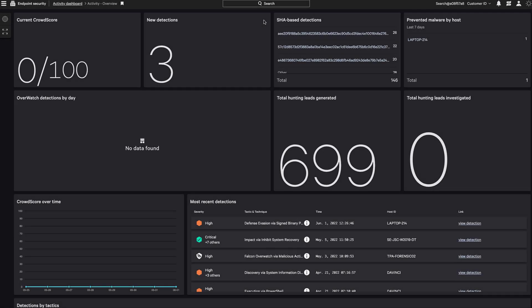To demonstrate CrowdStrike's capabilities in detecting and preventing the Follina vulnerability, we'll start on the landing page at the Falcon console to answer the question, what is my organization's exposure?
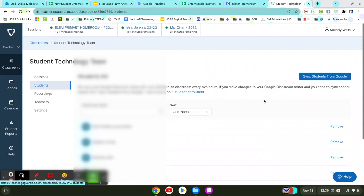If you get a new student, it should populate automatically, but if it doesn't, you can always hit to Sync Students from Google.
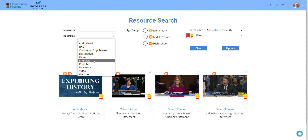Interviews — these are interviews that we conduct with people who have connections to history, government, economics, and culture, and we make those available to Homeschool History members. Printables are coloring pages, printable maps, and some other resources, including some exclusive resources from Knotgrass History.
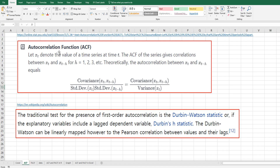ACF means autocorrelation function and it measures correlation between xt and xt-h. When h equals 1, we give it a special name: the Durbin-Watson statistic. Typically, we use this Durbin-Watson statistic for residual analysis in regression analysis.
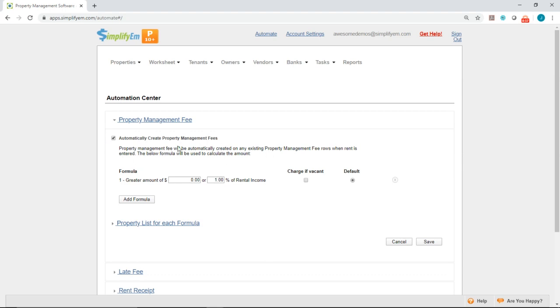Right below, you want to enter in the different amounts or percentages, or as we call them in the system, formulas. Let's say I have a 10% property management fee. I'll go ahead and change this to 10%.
────────
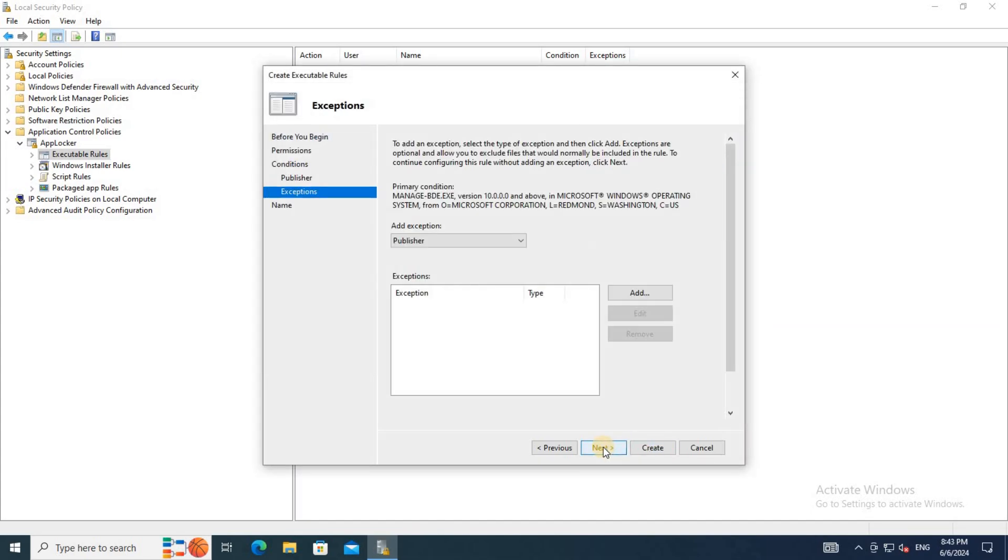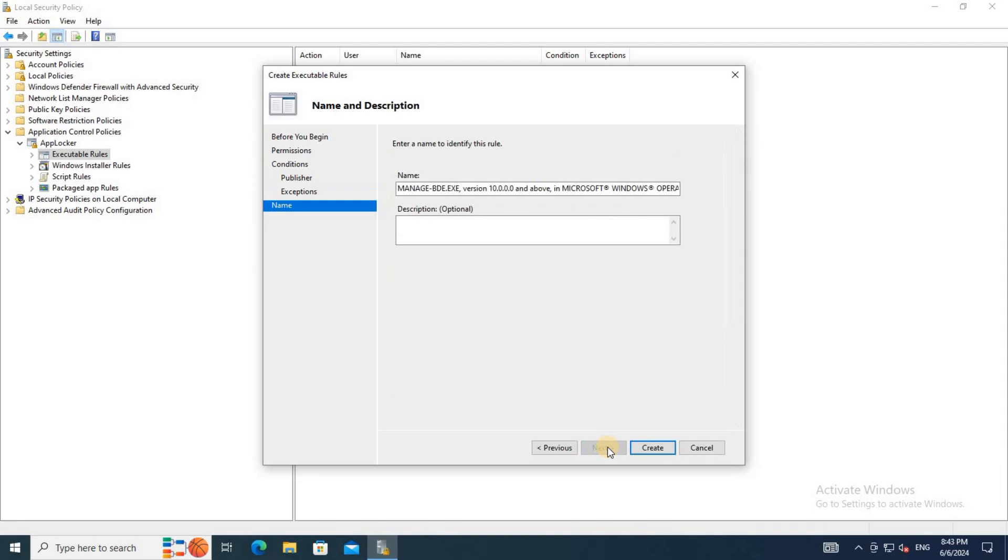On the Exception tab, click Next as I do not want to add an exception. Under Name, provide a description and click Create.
────────
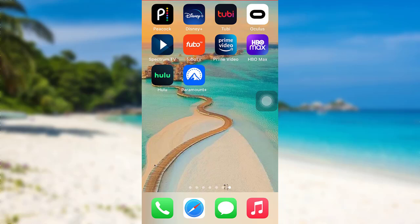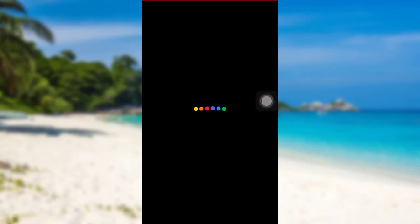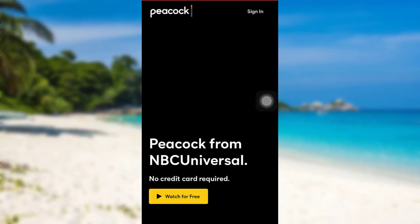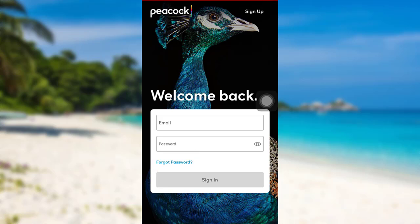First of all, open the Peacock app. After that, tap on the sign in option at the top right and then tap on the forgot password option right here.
────────
Exercise requirements:
Give again the lines of the listing above that run from the one with "To demonstrate CrowdStrike's" up to and including the one with "If you get a". Keep them exact and omit the pictures.

Expected output:
To demonstrate CrowdStrike's capabilities in detecting and preventing the Follina vulnerability, we'll start on the landing page at the Falcon console to answer the question, what is my organization's exposure?
If you get a new student, it should populate automatically, but if it doesn't, you can always hit to Sync Students from Google.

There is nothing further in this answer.